With the German court approving the EU bailout, we see Asia and Europe are higher this morning along with futures here in the US. The commodities are higher as well with gold, silver and oil all higher on our screen this morning and we continue to like how we have the portfolio positioned with exposure to precious metals (with a heavier weighting to silver than gold) and oil and natural gas companies drilling in wet gas areas of America's shale plays. So long as the story is the world economy turning around and higher GDP gold, investors can mimic our trade with precious metals, but once it becomes a story of cheap money and a rush to devalue currencies we would recommend quickly rotating to an inverse trade where gold would be the higher weight and silver a much smaller position. If that rotation is made, we would maintain the same overall capital allocation in precious metals.
Oil & Natural Gas
SandRidge Energy (SD) continues its march higher, with shares rising $0.08 (1.12%) to close at $7.20/share on volume of 9.5 million shares. The stock has broken higher after trading in a range finally moving through its upward resistance. It has been helped by the rise in the price for oil, even though most production is hedged, and general optimism in the sector by investors. We maintain that the shares will move higher by the end of this year, especially with Chesapeake Energy closing a deal in their largest play before that time. We like momentum, and this stock currently has it. We remain bullish until such time as it appears we have topped out here, so we will continue to keep readers posted.
Houston American Energy (HUSA) saw shares close at $1.42/share after rising $0.32 (29.09%) on volume of 1.2 million shares. The company announced that they had commenced drilling on the Zorro Gris #1, the third well on a block in Colombia named CPO 4. This has been a volatile play over the past year and is a player in Colombia which has proven a good place for doing business for numerous names over the years. For our non-domestic names with exposure to overseas markets this is one of the names we are currently reading up on. We want to see if there is any opportunity here for investors to make some outsized gains, and if we do in fact find some, we will be sure to cover it here in the future.
Valero (VLO) set a new 52-week high yesterday after shares rose $0.75 (2.34%) to close at $32.77/share on volume of 8.2 million shares. We continue to be in awe of the refiners and the margins they are current sporting, but in the back of our mind we are wondering how long it can last. It takes us back to about 8 years ago when the same arguments were being made about lack of refinery capacity growth and such, however now it seems that cheaper oil and spreads created by America's new energy push are what are driving results. This is what is keeping us bullish at this time, but as soon as we begin to see spreads close and oil prices rise to be more in line with world prices we will move to a neutral to bearish stance on the entire industry. Just something we wanted to point out this morning for those looking ahead.
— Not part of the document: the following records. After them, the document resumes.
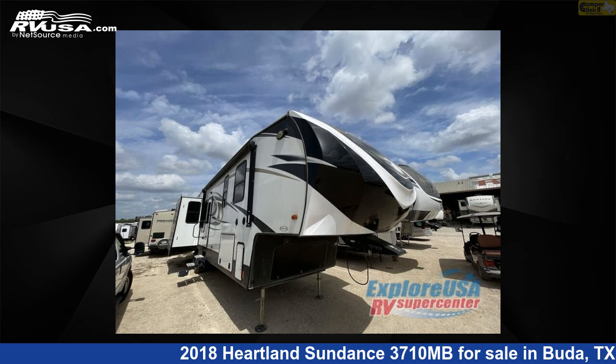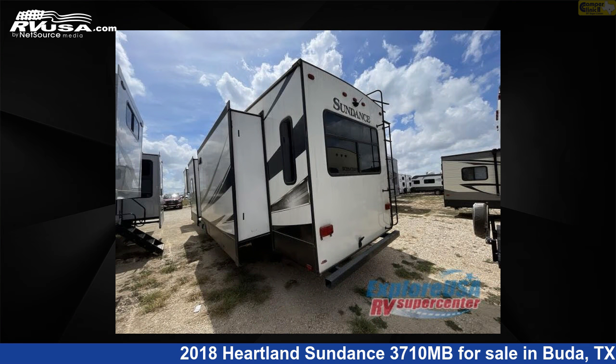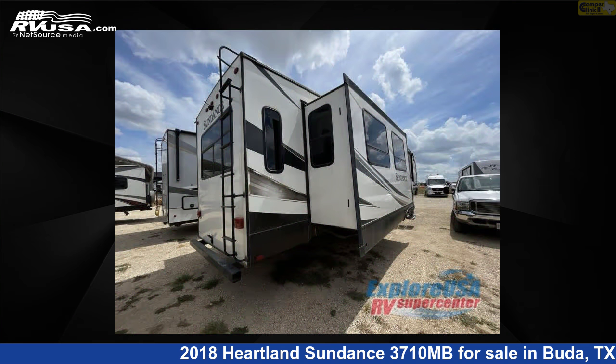This used Heartland is 42 feet 0 inches in length and features four slide-outs, sleeps nine, and 47 gallons fresh water capacity. The floor plan layout of this fifth-wheel features bunkhouse, front bedroom,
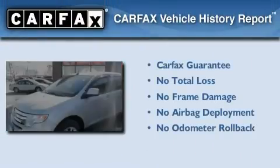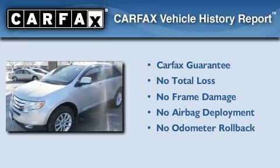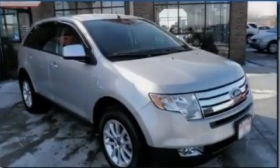Not to mention that this Ford qualifies for the Carfax Buy-Back Guarantee. Contact us today to arrange your test drive.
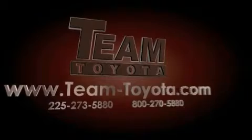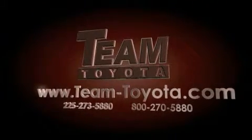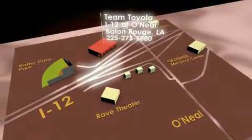Thanks for your interest in this vehicle from Team Toyota. Our inventory is always available to you at your convenience online at team-toyota.com. To receive your special internet pricing for this vehicle, or if there is any way we can assist you, please call us or visit our showroom at I-12 and O'Neill Lane in Baton Rouge, and a team member will be happy to assist you.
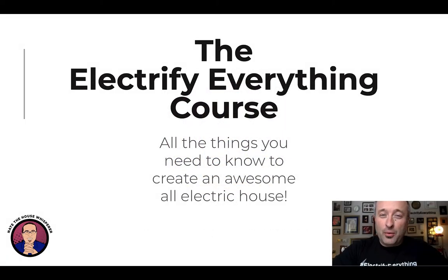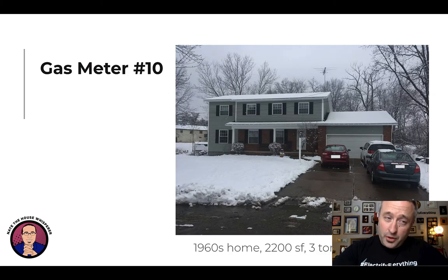Hi, I'm Nate Adams, often known as Nate the House Whisperer, and this is the Electrify Everything course — at least the promo video. In this course we're going to talk about all the things you need to create an awesome all-electric house, so if you're thinking about electrifying everything, this is the place for you.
Both Alpha Natural Resources (ANR) and Cliffs Natural Resources (CLF) rose strongly as commodities had another strong day yesterday and those with coal exposure seemed to outpace the general market and the commodity space in trading. Alpha saw shares rise $0.53 (7.66%) to close at $7.45/share, which continued its march higher after setting new lows just before the news out of China that it would invest in a stimulus plan. It is funny how quickly market sentiment can change, and that same sentiment is what has lit a fire under Cliffs as well. The shares finished above $40/share once again as the risk-on trade returning and investors looking at coal and iron-ore producers in a different light. Although the stocks usually bottom before their financial results do, the market knows this next quarter is supposed to be weak for many of the players, so that is one piece of information to keep in mind when placing bets on the sector (speaking of coal here, not the iron-ore exposure Cliffs has).